For some reason this makes me think of Fascist Superman







Of Nazi Superman






But really, a catholic school, and the parents let their kid dress as one of great mass murderers in history?  Nutjobs.


----------



## Sukerkin (Aug 27, 2010)

I am clearly some evil person who secretly regrets that we won the Second World War as I don't see that there is anything gained from suppressing the memory of one of the fascist tyrants of the era.

Glorifying is a whole other thing of course, as is turning into a light hearted figure of fun (which, to me, is worse still)  but not forgetting is essential.

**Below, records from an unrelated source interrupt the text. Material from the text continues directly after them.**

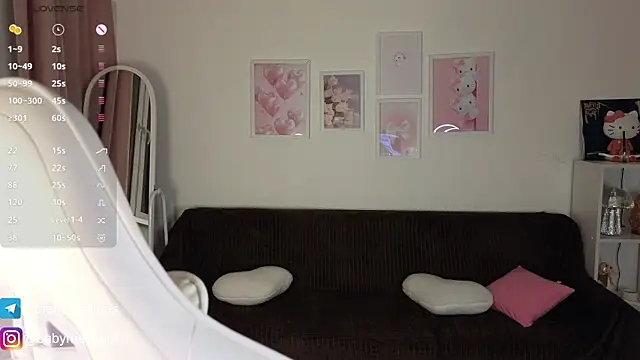 Maya Rave online show from November 2025 03:56:01 AM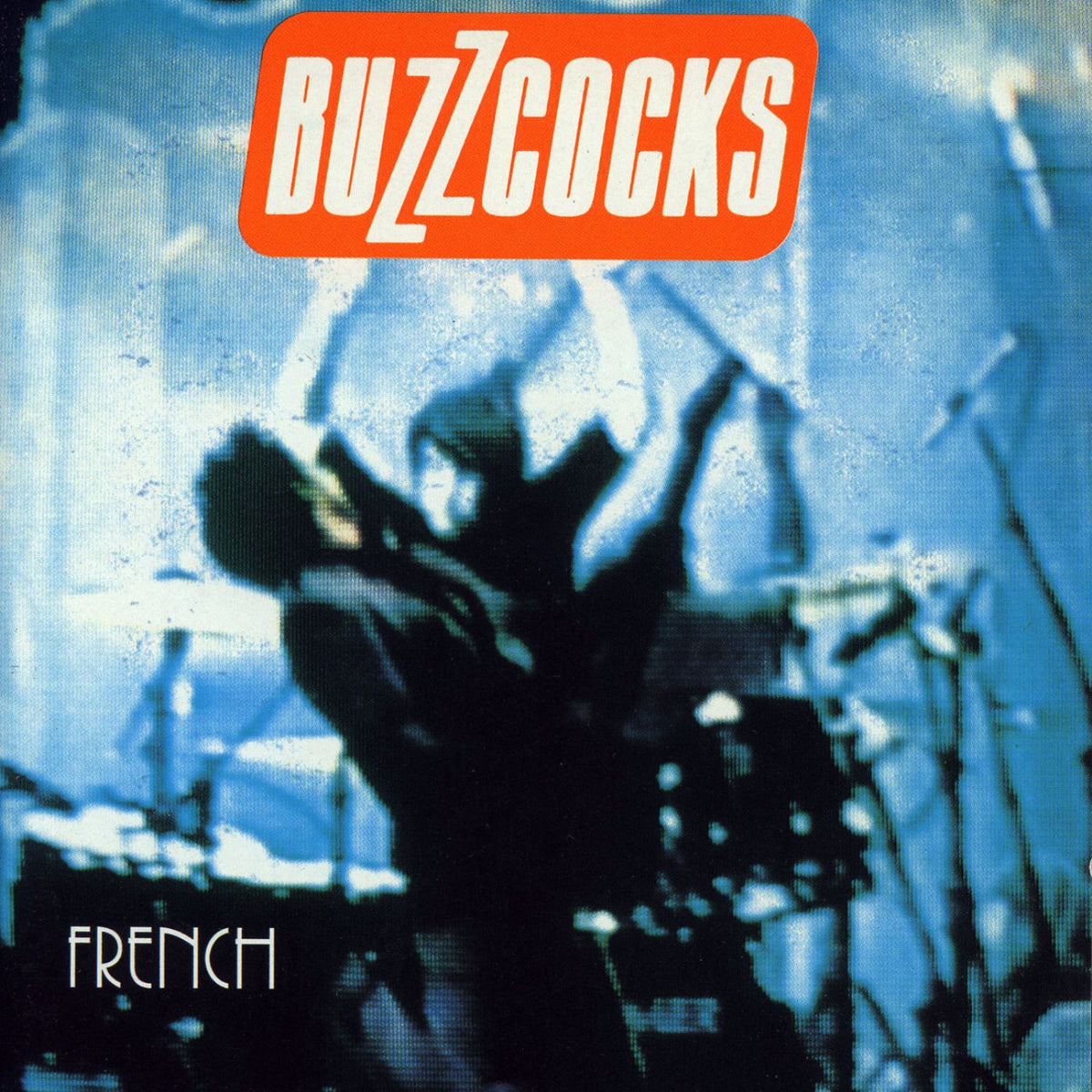 Buzzcocks – French (Sunburst Yellow/Red Vinyl) (2LP) vinyl record cover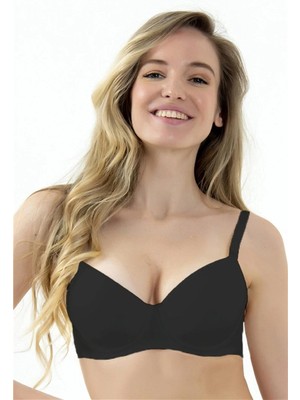 Kadın Siyah Sulu Sütyen 2050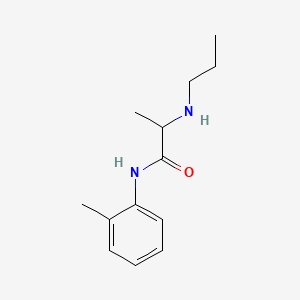 molecular formula C13H20N2O B1678100 普鲁卡因 CAS No. 721-50-6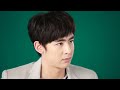 line play nichkhun tvc making film thailand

Yes it's in poor taste but, for once, I am on the side of 'villain' of the piece it seems i.e. the school was right not to forbid it and wrong if they do other than apologise to those souls who were really offended (rather than just 'acting out' to show how lovely they are).


----------



## CoryKS (Aug 27, 2010)

Sukerkin said:


> I am clearly some evil person who secretly regrets that we won the Second World War as I don't see that there is anything gained from suppressing the memory of one of the fascist tyrants of the era.
> 
> Glorifying is a whole other thing of course, as is turning into a light hearted figure of fun (which, to me, is worse still) but not forgetting is essential.
> 
> Yes it's in poor taste but, for once, I am on the side of 'villain' of the piece it seems i.e. the school was right not to forbid it and wrong if they do other than apologise to those souls who were really offended (*rather than just 'acting out' to show how lovely they are*).


 
I suspect this is the case in the large majority of these stories.  "Come see how wonderfully sensitive I am to the plight of others."


----------



## Tez3 (Aug 28, 2010)

I can't see Napoleon in the same light as Hitler at all. Napoleon wasn't evil and was his country's leader, sure he took his country to war and invaded a couple of other countries but that was common practice at the time, he was no different than the rest of his contemporaries. He gets a bad press because he lost.
You should only dress up as Julius Caesar in hot countries, not a good look in the UK, even he wore trousers when he was here!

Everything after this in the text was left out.